- What you should do
In your copy, leave out the pictures; write out all the data exactly.

Captioned web images
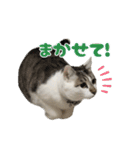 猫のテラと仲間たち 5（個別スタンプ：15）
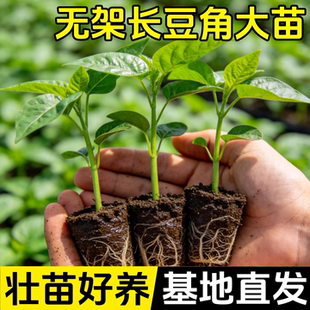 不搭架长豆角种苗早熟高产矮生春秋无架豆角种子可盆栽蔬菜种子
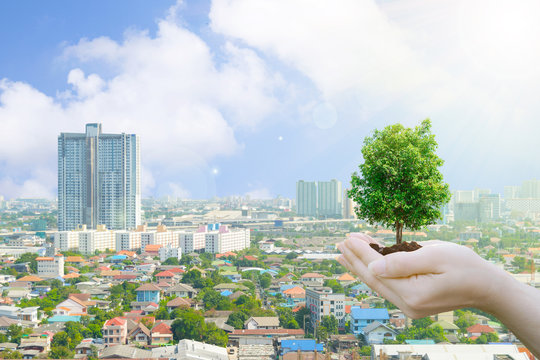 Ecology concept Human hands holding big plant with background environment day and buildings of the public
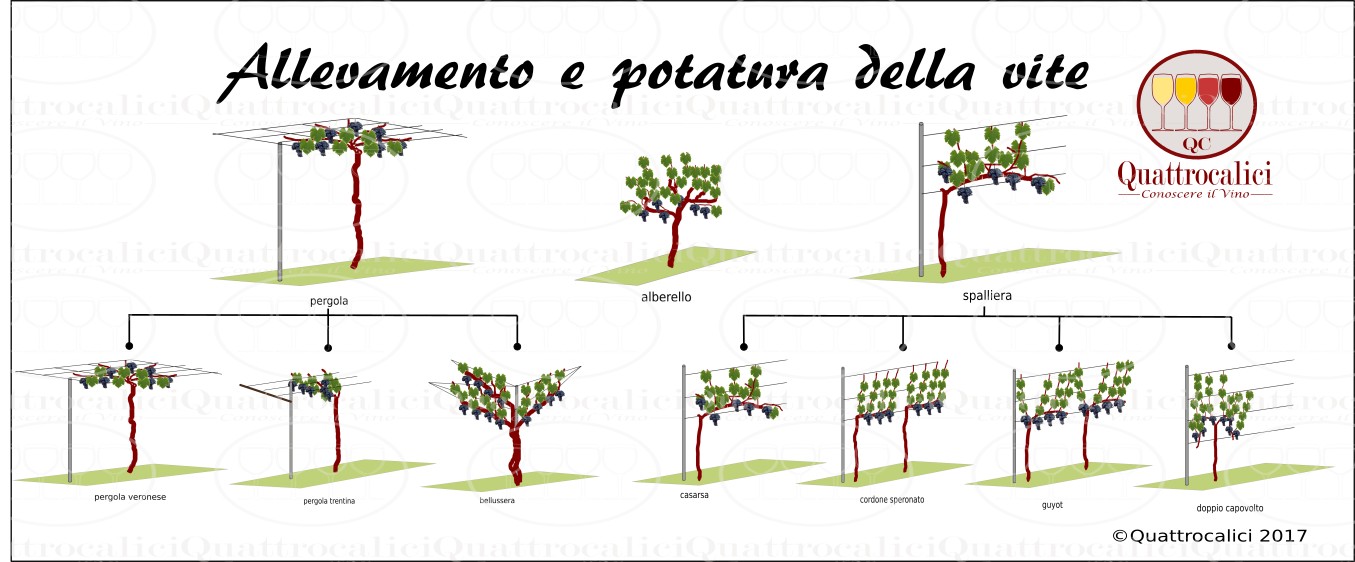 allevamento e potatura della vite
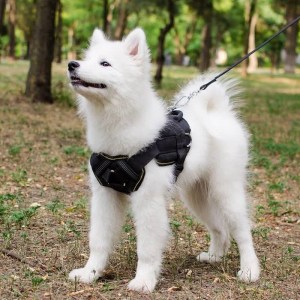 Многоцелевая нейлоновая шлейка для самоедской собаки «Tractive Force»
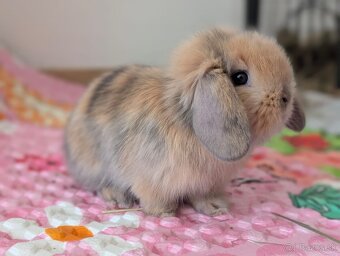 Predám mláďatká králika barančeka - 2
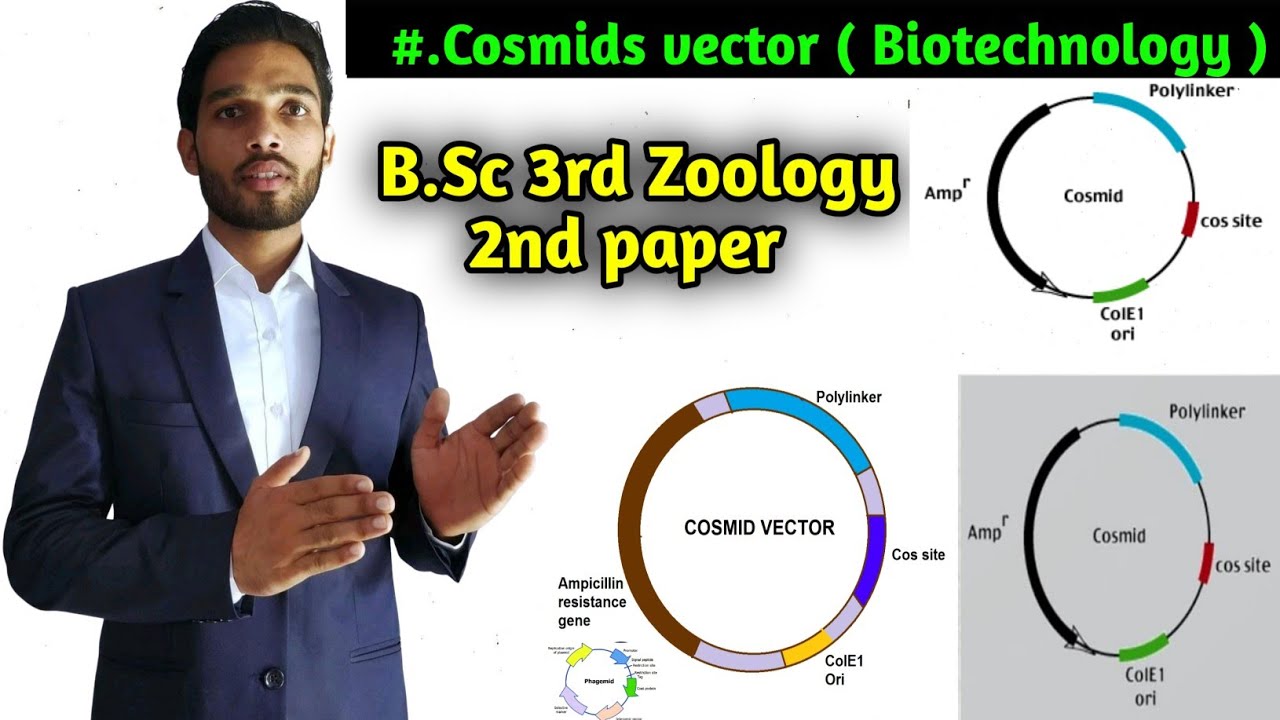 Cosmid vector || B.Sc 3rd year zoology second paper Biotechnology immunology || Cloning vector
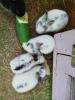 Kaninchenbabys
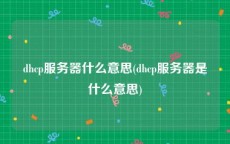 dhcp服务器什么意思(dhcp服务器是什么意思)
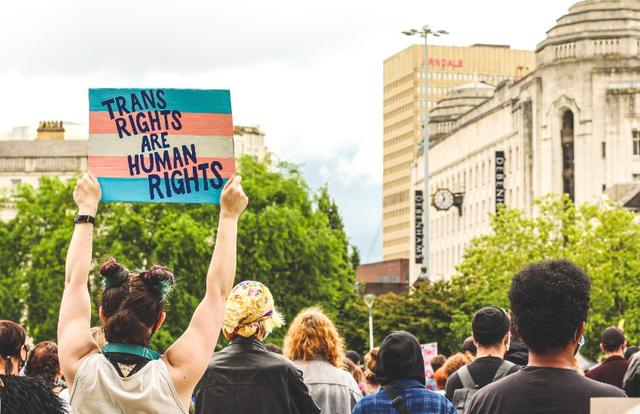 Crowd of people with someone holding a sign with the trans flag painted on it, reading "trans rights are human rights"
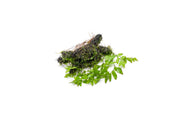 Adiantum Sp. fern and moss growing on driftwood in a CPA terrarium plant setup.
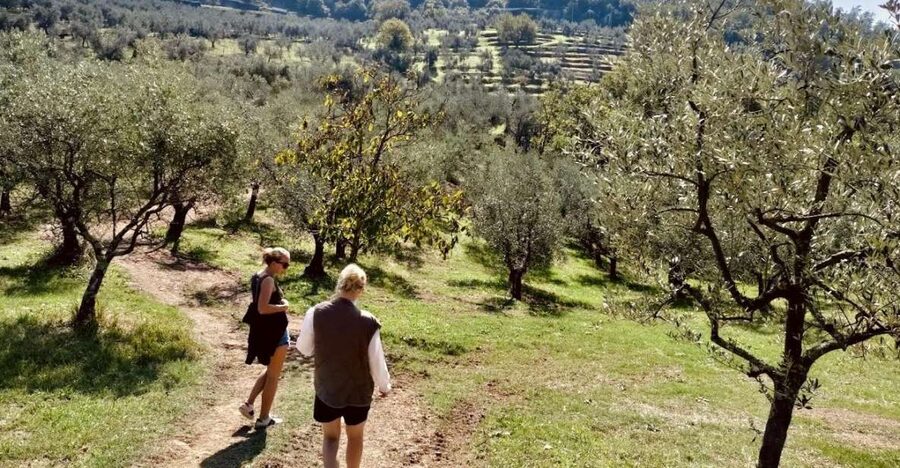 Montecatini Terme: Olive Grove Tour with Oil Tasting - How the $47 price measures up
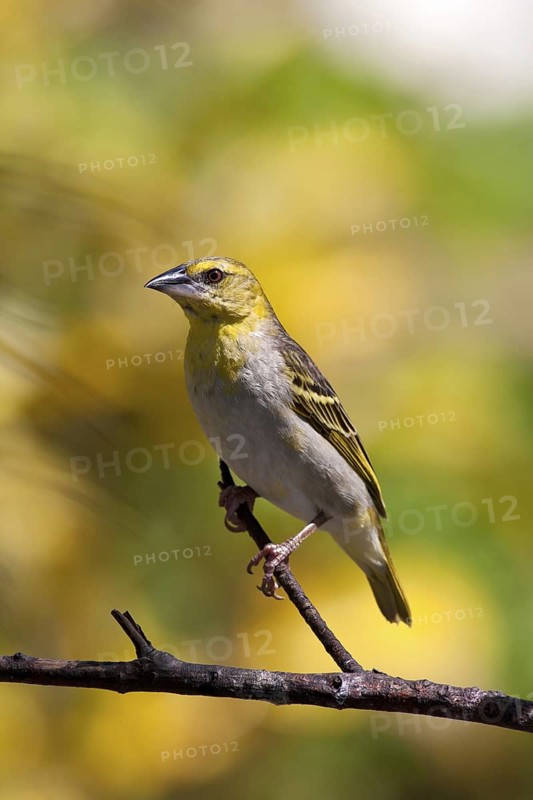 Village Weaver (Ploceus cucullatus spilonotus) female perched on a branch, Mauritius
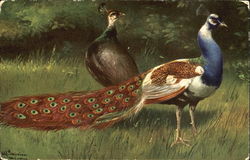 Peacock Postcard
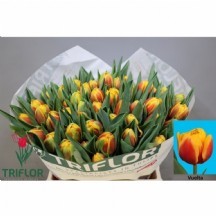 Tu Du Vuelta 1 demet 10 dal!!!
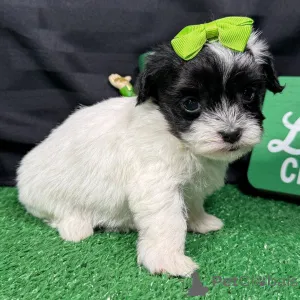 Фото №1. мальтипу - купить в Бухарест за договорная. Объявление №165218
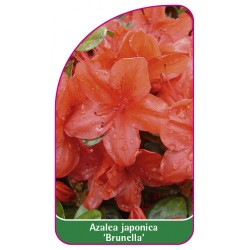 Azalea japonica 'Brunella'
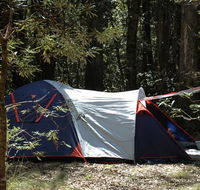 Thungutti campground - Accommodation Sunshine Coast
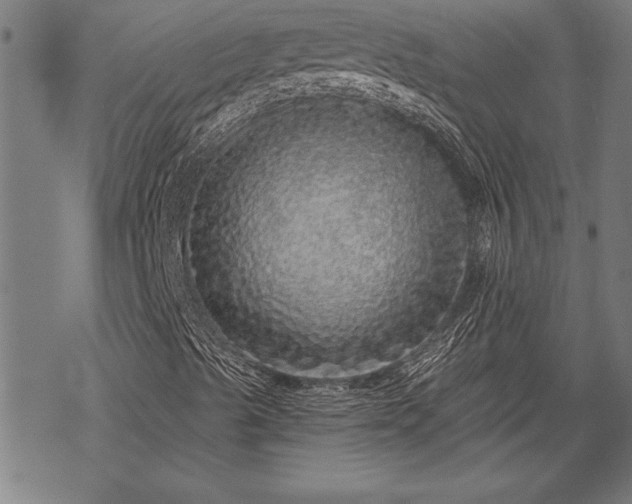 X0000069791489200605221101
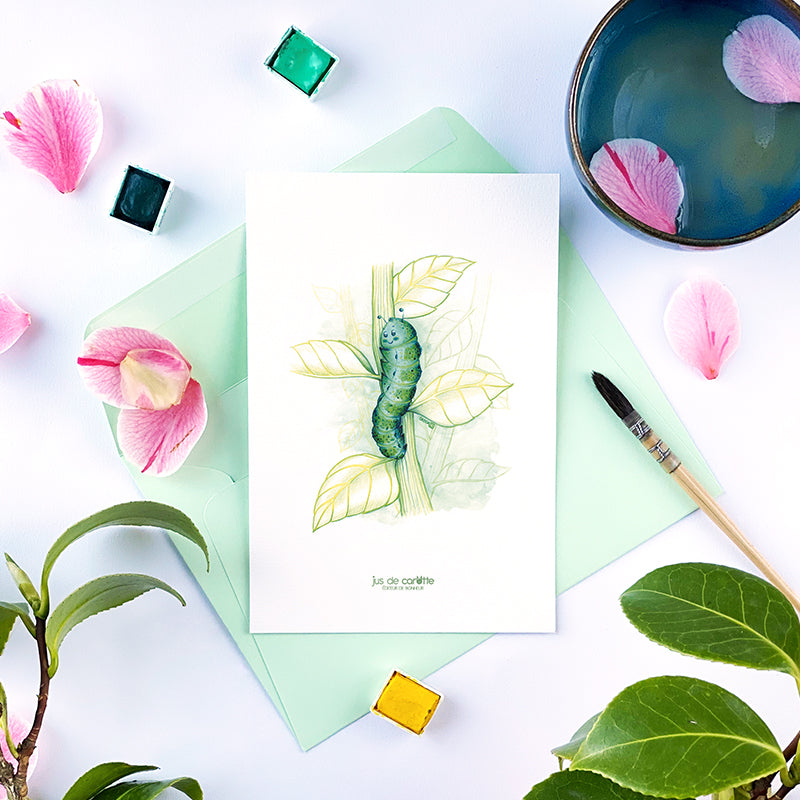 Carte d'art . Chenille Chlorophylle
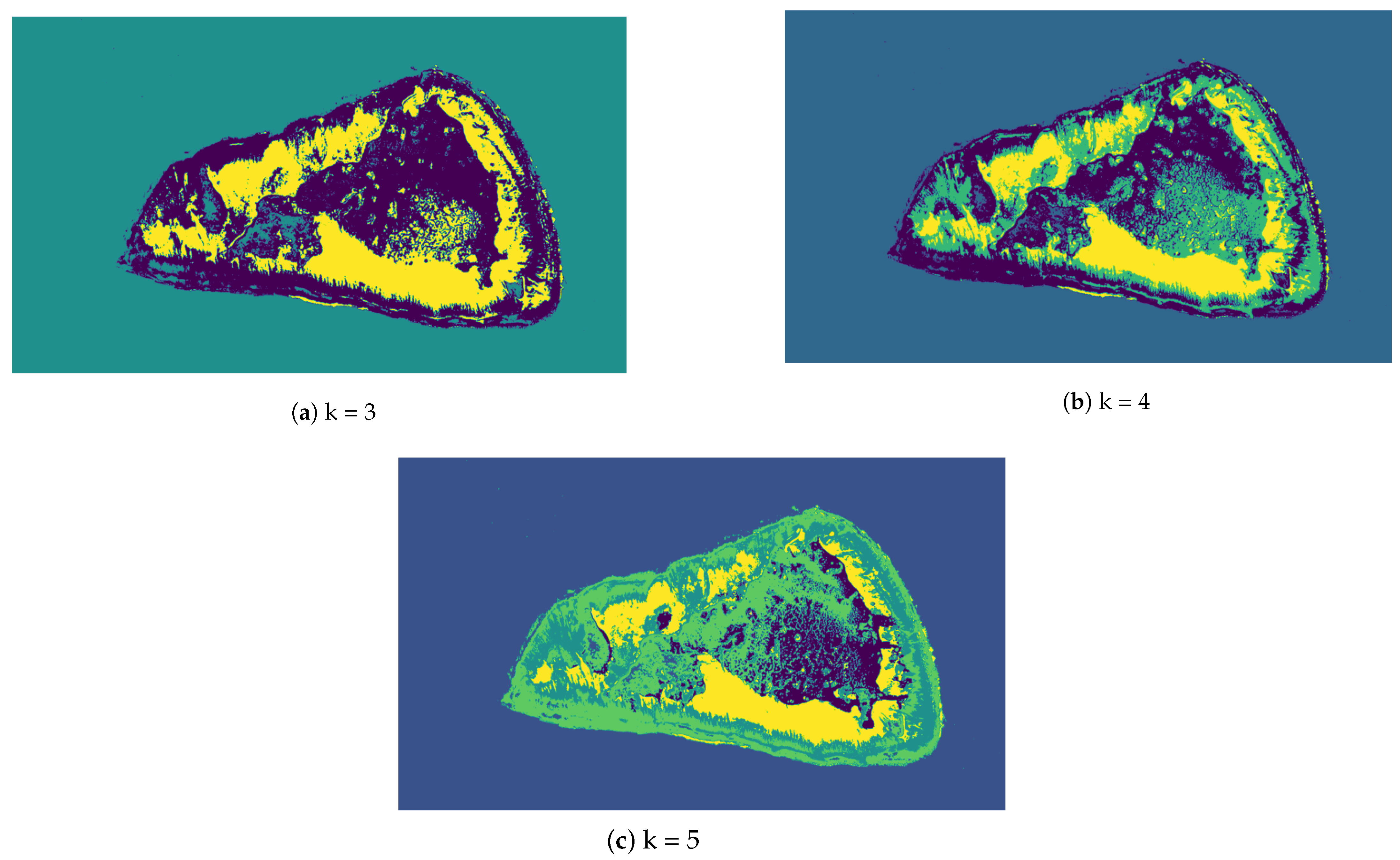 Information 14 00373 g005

- Answer to this exercise
 猫のテラと仲間たち 5（個別スタンプ：15）
 不搭架长豆角种苗早熟高产矮生春秋无架豆角种子可盆栽蔬菜种子
 Ecology concept Human hands holding big plant with background environment day and buildings of the public
 allevamento e potatura della vite
 Многоцелевая нейлоновая шлейка для самоедской собаки «Tractive Force»
 Predám mláďatká králika barančeka - 2
 Cosmid vector || B.Sc 3rd year zoology second paper Biotechnology immunology || Cloning vector
 Kaninchenbabys
 dhcp服务器什么意思(dhcp服务器是什么意思)
 Crowd of people with someone holding a sign with the trans flag painted on it, reading "trans rights are human rights"
 Adiantum Sp. fern and moss growing on driftwood in a CPA terrarium plant setup.
 Montecatini Terme: Olive Grove Tour with Oil Tasting - How the $47 price measures up
 Village Weaver (Ploceus cucullatus spilonotus) female perched on a branch, Mauritius
 Peacock Postcard
 Tu Du Vuelta 1 demet 10 dal!!!
 Фото №1. мальтипу - купить в Бухарест за договорная. Объявление №165218
 Azalea japonica 'Brunella'
 Thungutti campground - Accommodation Sunshine Coast
 X0000069791489200605221101
 Carte d'art . Chenille Chlorophylle
 Information 14 00373 g005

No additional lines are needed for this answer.